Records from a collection
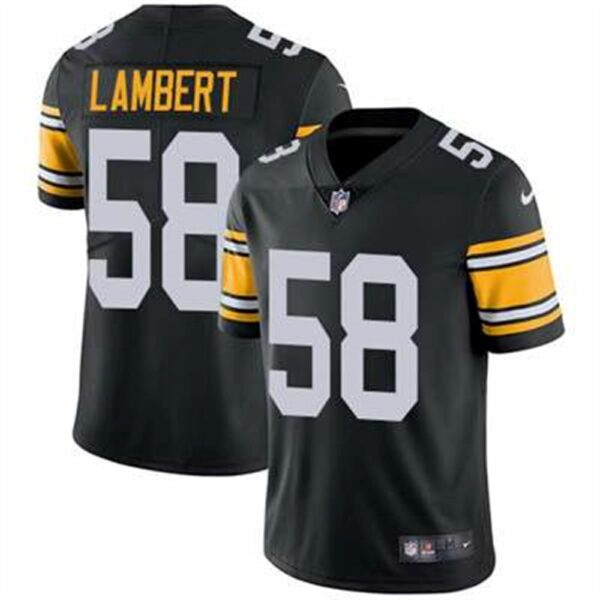 Nike Pittsburgh Steelers 58 Jack Lambert Black Alternate Mens Stitched NFL Vapor Untouchable Limited Jersey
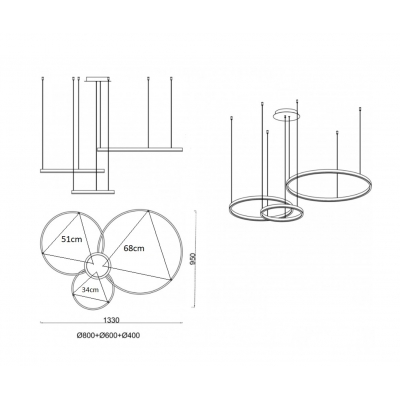 Светодиодная люстра Kink Light Тор 08223,33P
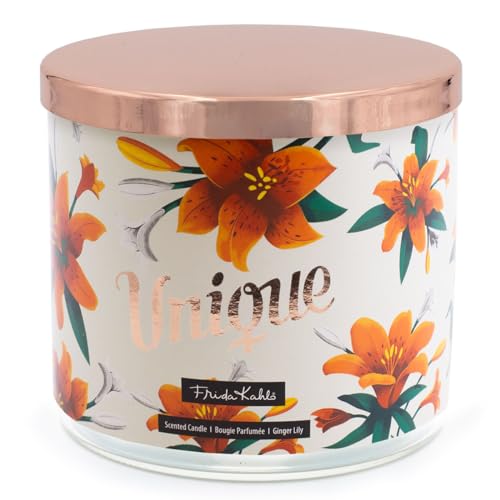 Frida Kahlo Duftkerze im Glas | Unique 400g | Duftkerze Frisch | Geschenkidee für Frauen & Designliebhaber | Kerze lange Brenndauer (60h) von Frida Kahlo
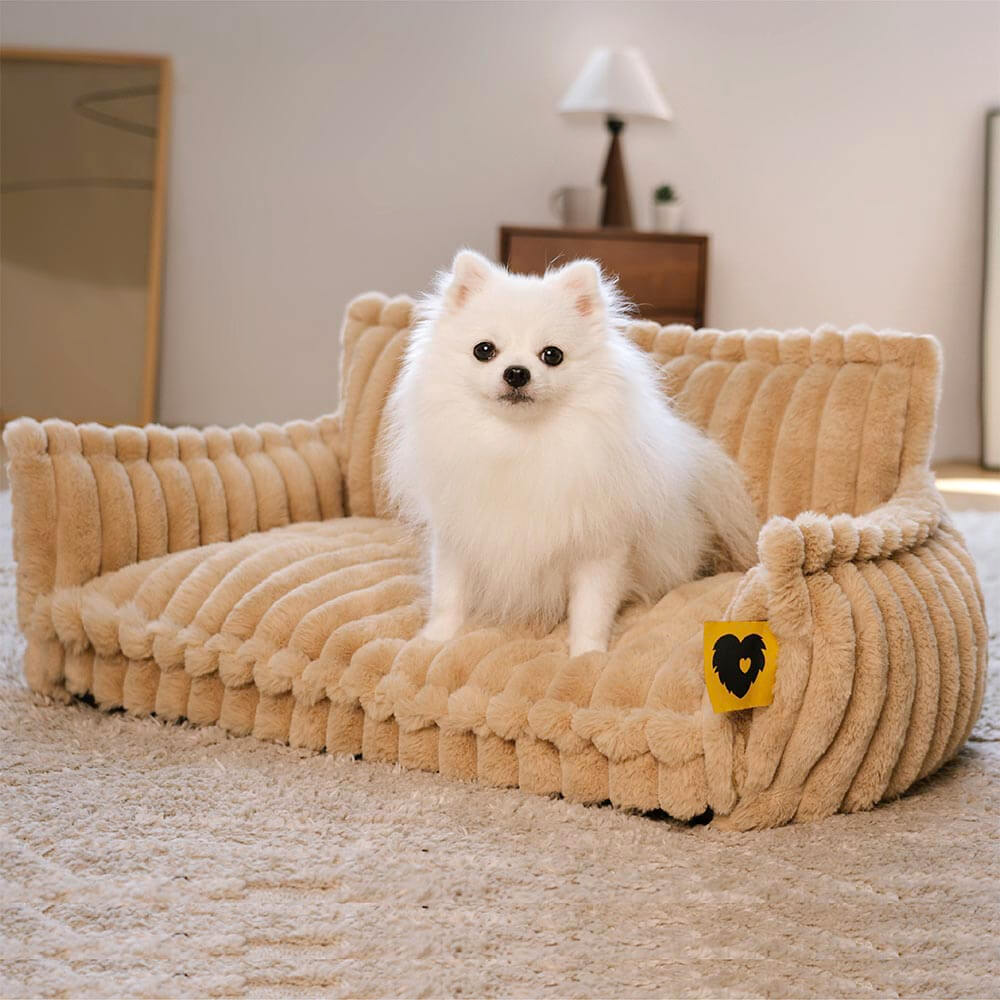 Bed Cover - Large Washable Fluffy Orthopaedic Soft Dog Sofa Bed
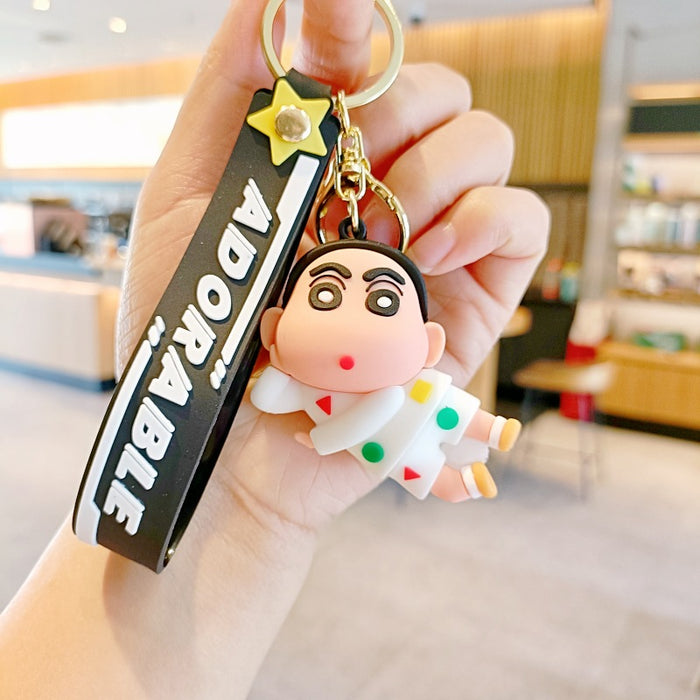 Wholesale Cartoon Doll Silicone Keychain JDC-KC-MingT263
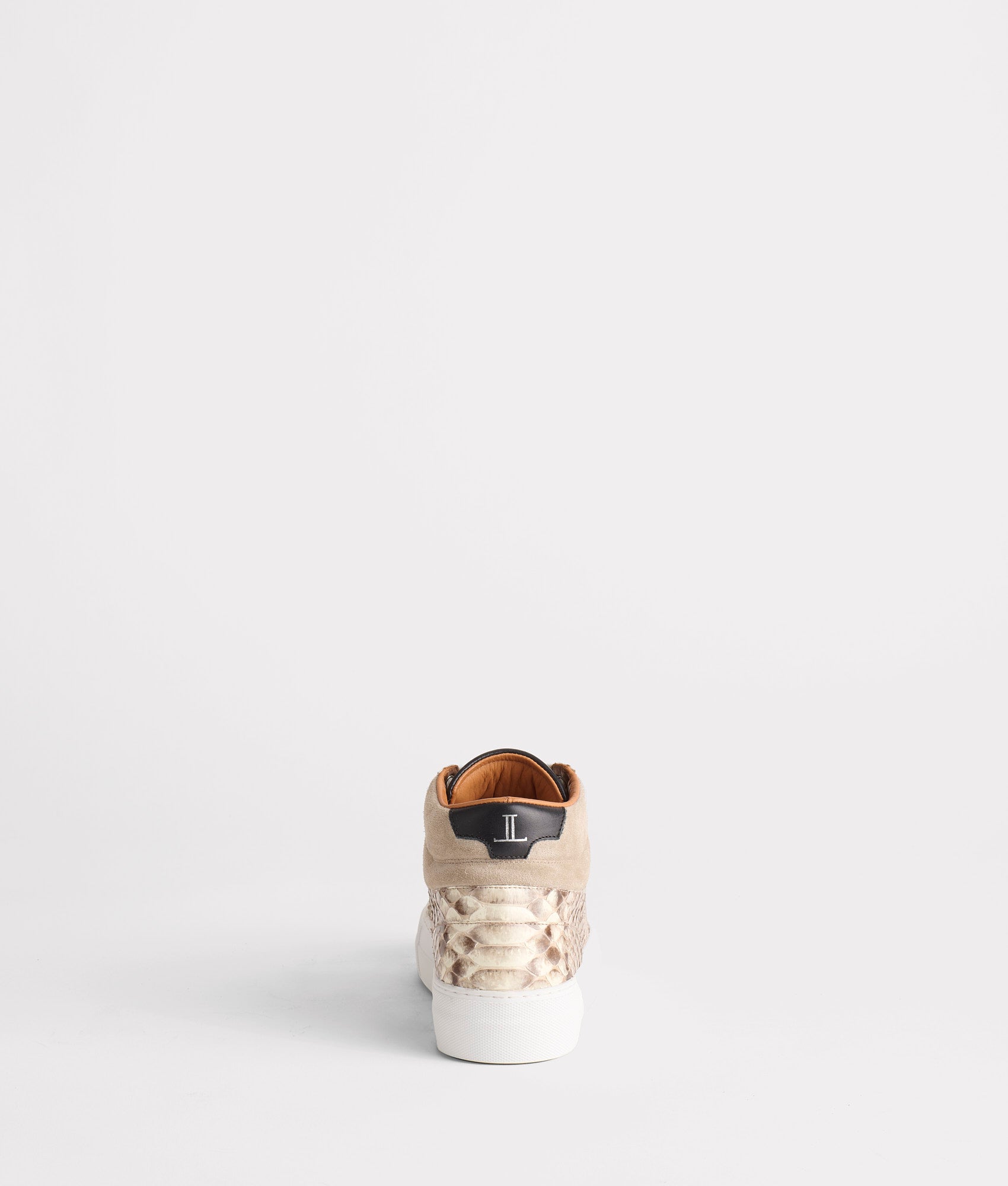 Mosaico High-Top Sneaker :: Black - Image 4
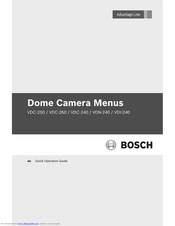 Bosch VDC-250 Quick Operation Manual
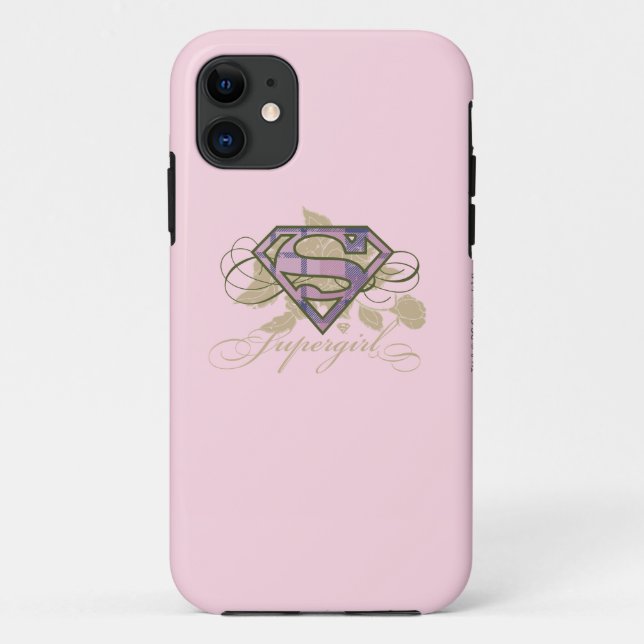 Supergirl Blumen Case-Mate iPhone Hülle (Rückseite)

EXERCISE REQUIREMENTS:
Please transcribe exactly the lines from the one containing "Mosaico High-Top Sneaker :: Black - Image 4" through the last line of the records above, both included, and leave out every picture.

RESPONSE AREA:
 Mosaico High-Top Sneaker :: Black - Image 4
 Bosch VDC-250 Quick Operation Manual
 Supergirl Blumen Case-Mate iPhone Hülle (Rückseite)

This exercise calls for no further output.